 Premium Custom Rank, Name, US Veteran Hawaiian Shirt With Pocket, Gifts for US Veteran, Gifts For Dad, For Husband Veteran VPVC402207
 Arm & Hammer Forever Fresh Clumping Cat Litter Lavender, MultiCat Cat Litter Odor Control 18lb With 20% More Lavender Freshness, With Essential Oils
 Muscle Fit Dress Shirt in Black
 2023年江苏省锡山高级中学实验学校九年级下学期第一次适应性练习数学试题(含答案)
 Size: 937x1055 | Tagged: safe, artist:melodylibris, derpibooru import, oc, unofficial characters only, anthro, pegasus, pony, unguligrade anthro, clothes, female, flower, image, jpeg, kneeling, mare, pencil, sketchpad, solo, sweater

________

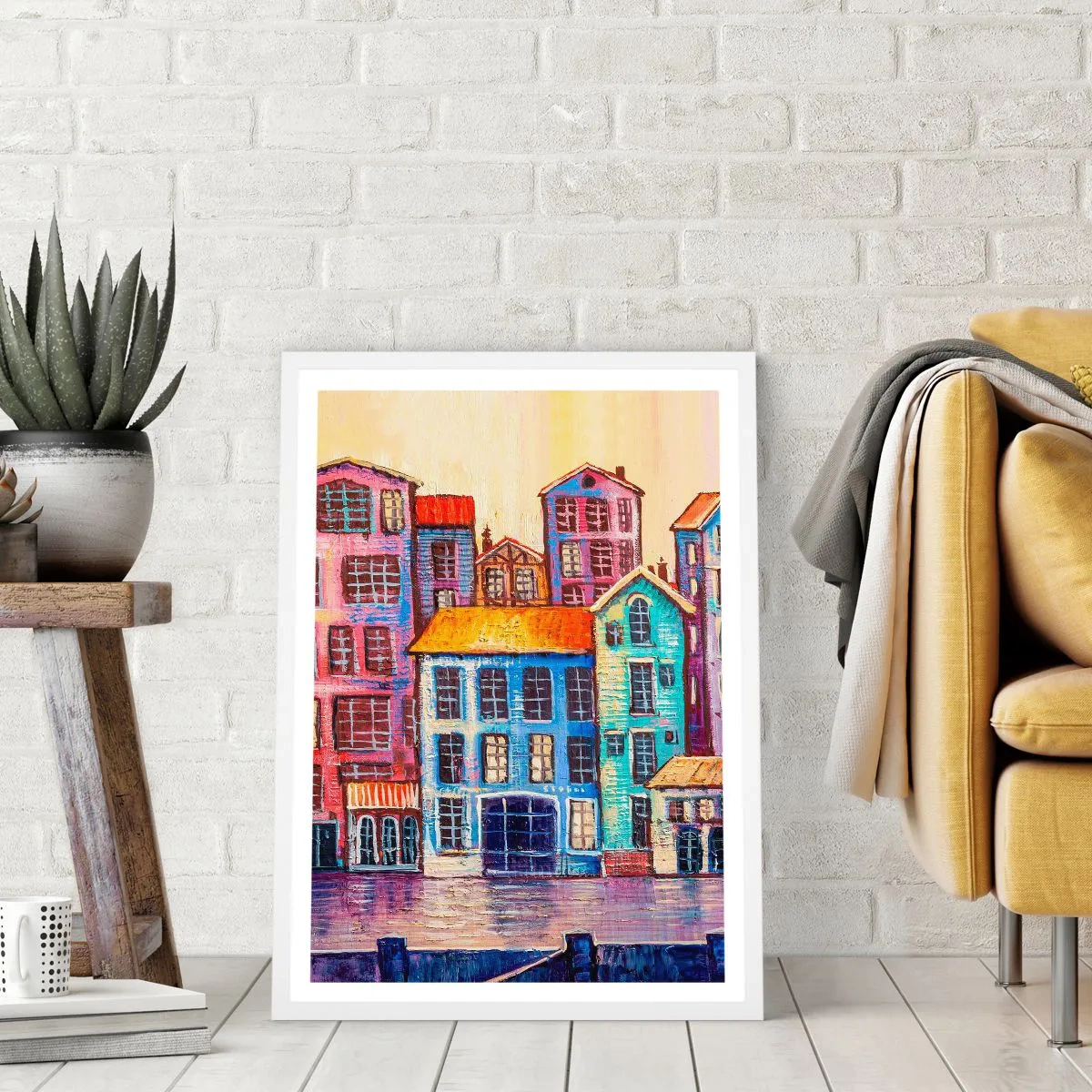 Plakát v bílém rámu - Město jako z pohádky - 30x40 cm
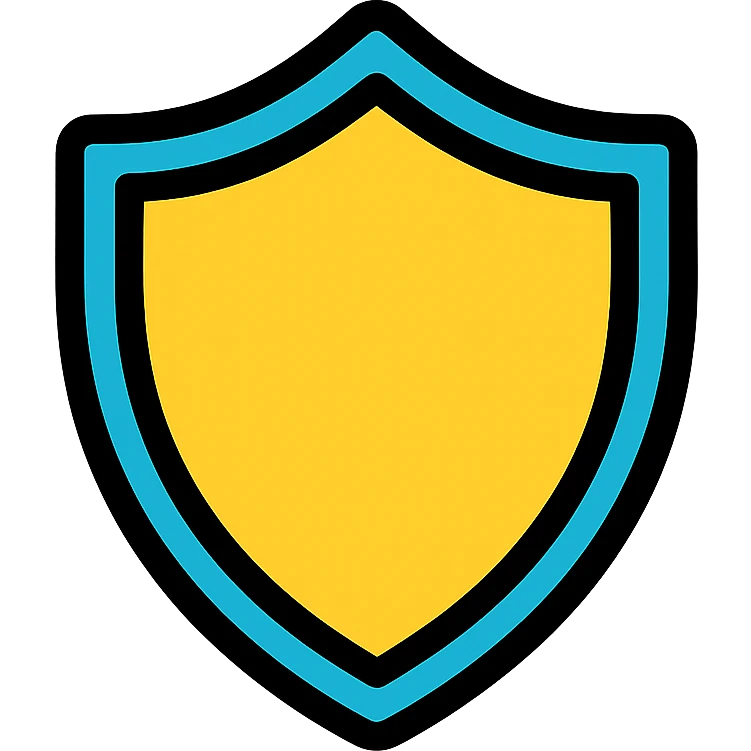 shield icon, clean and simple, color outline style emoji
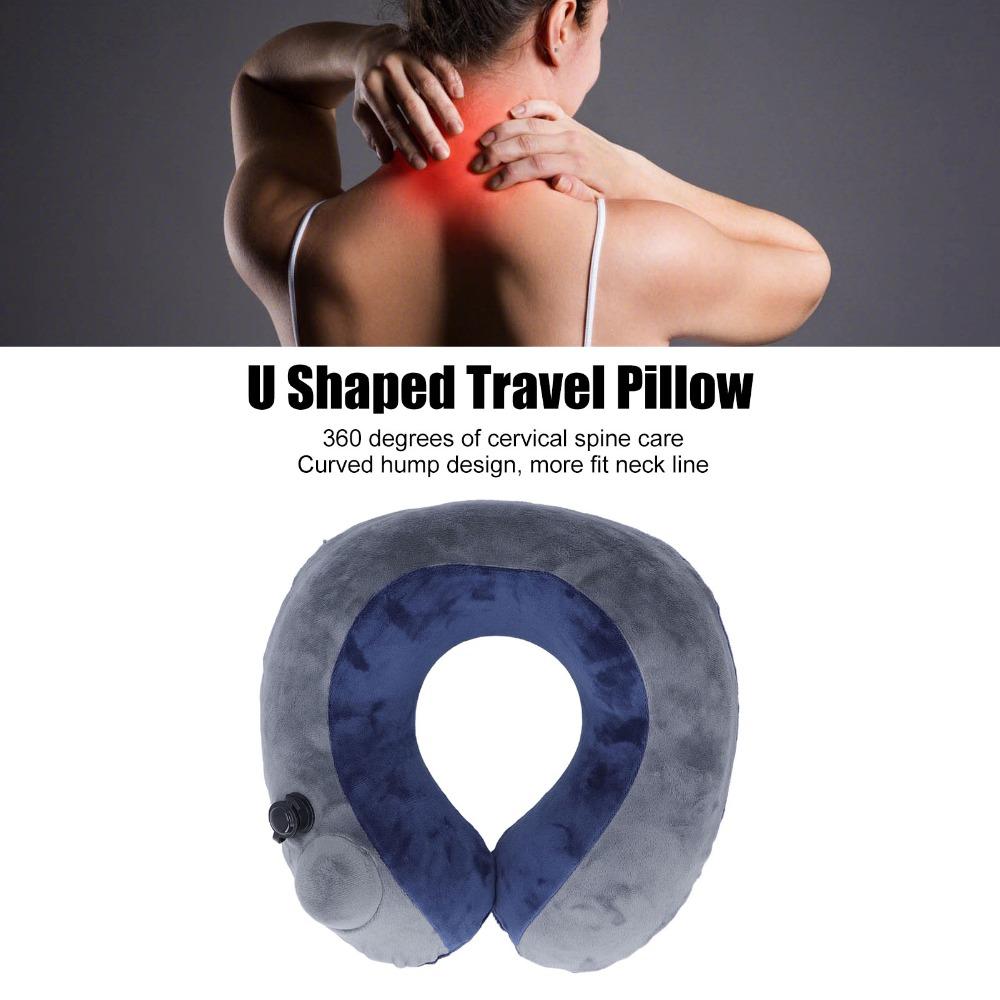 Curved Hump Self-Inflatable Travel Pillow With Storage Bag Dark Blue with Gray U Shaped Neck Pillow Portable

________

Work task
Could you repeat exactly the lines above from the line with "Arm & Hammer" up to and including the line with "Size: 937x1055 |", and only those?

Answer to this task
 Arm & Hammer Forever Fresh Clumping Cat Litter Lavender, MultiCat Cat Litter Odor Control 18lb With 20% More Lavender Freshness, With Essential Oils
 Muscle Fit Dress Shirt in Black
 2023年江苏省锡山高级中学实验学校九年级下学期第一次适应性练习数学试题(含答案)
 Size: 937x1055 | Tagged: safe, artist:melodylibris, derpibooru import, oc, unofficial characters only, anthro, pegasus, pony, unguligrade anthro, clothes, female, flower, image, jpeg, kneeling, mare, pencil, sketchpad, solo, sweater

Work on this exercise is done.